Reform or Deform: Part Two

To read the first installment of this three-part series, please click here. To read the third installment, please click here.

A poll conducted July 24-27, 2009 by the Wall Street Journal asked people whether they thought President Barack Obama’s health plan was a good or bad idea. 42% called it a bad idea while 36% said it was a good idea. Only 15% of those with private insurance thought their health care would improve under his plan.

Count me among the privately insured who have little hope that things will improve under the proposed legislation. I’m all for fixing what’s broken, but this bill worries me.

Last week, I told how the substandard healthcare my family received through the military influenced my ability to trust a government-run program. This became clearest during our assignment in Scotland, when a miscarriage forced me to utilize the UK’s National Health Service.

The Navy sent me to the NHS hospital, a dark, depressing cinder block building. I was given a rickety old bed in a ward of newly delivered mothers. There was one small bathroom for the 12 of us. I actually lost my baby alone in that public toilet stall as the cries of newborns filled my ears.

Nurses made rounds once a day. There were no TVs. When thirsty, I got my own water from the shared bathroom sink, and my husband had to bring in food. The beds were so ancient; raising the head was like adjusting a cheap poolside lounge chair.

I miscarried on a Sunday. Because ultrasounds were only performed on Monday mornings, I had to stay overnight. At the crack of dawn, all patients needing ultrasounds were rounded up, given huge cups of water to ensure the full bladder needed for the procedure, and sent to wait in the radiology department.

After sitting for ages on a hard wooden bench, I felt sick from my near-bursting bladder. A nurse followed me into the restroom and actually stood over me as I went, scolding me not to void too much, or I would have to wait another week for my ultrasound.

It doesn’t sound like things have improved since my experience 17 years ago. A British friend, Danielle, recently suffered a miscarriage. She and I share the same endocrine disorder that can make it difficult to get—–and stay—–pregnant.

This side of the pond, it has been common knowledge for at least a decade that taking a simple hormonal supplement through the first trimester can usually prevent the repeated miscarriages we often suffer. American doctors routinely prescribe this inexpensive cure the moment the test comes back positive. I wouldn’t be pregnant now without it.

But when Danielle asked her NHS midwife to check her hormone levels, the woman didn’t know what she was talking about. Testing went against policy; if you miscarried, that was just bad luck.

When Danielle began spotting at 8 weeks, she was told to wait for the standard 12-week ultrasound. One Friday night, just a few days before she reached 12 weeks, Danielle began bleeding heavily.

She went to the ER, only to be sent home for a familiar reason: they didn’t do ultrasounds on the weekend. Excruciating pain led her back to the hospital hours later.

Left alone in a cubicle, her bleeding became too graphic to write about here. A nurse finally gave her some Tylenol and towels to clean herself up. At Danielle’s request, she was sent to a different hospital that had a mobile ultrasound unit. But when she arrived, she was once again denied, told that the machine was too old to detect anything. After spending a day alone on the maternity ward, not knowing if the miscarriage was complete, Danielle checked out of the hospital. She returned later that week for the long-scheduled ultrasound, to verify what her heart already knew: her baby was gone.

A couple of months after my NHS hospitalization, my husband needed a minor surgical procedure. Luckily for him, the only doctor available was part of the private health care system.

As much as the NHS hospital resembled a dungeon, the private hospital was like a castle. The walls were covered in rich walnut paneling. Chandeliers, oil paintings and Persian rugs completed the decor. His beautiful room had the amenities of a five-star hotel.

When they took him back for surgery, the nurse brought me a lace-covered tray topped with a full tea set and a plate of cookies.

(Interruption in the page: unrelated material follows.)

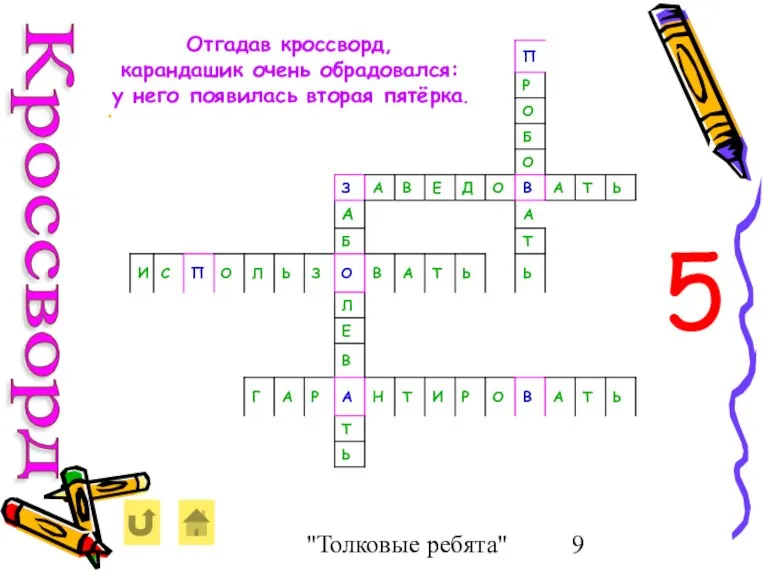 "Толковые ребята" Кроссворд . Отгадав кроссворд, карандашик очень обрадовался: у него появилась вторая пятёрка. 5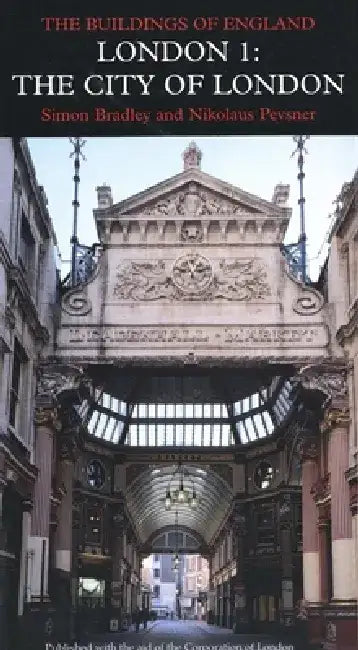 London 1: The City of London by Simon Bradley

I couldn’t help recalling the paper cups of water in the maternity hospital as I kicked back in my velvet chair and sipped the soothing tea from the delicate china.

Our government promises to lessen the gap between healthcare for the rich and poor, but I fear it’s more likely to end up as exaggerated as our experiences in the UK. People who can afford to pay for better care, will, while the rest us will have the same choices we had in the military: take it or leave it. I have no desire to go back to that.

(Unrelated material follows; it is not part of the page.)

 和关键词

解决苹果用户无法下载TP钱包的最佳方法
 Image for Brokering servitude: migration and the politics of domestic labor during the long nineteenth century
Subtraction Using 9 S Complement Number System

Congress is on recess, so we still have time to study the details of this bill, H.R. 3200, and let our representatives know what we think about it. One word of advice before diving in: make sure you have some coffee nearby, because it is filled with enough mind-numbing legalese to send you into a coma. It’s no wonder some representatives don’t want to actually read the bill before voting. But I say it’s time we hold them accountable for doing what we hired them to do—–represent us.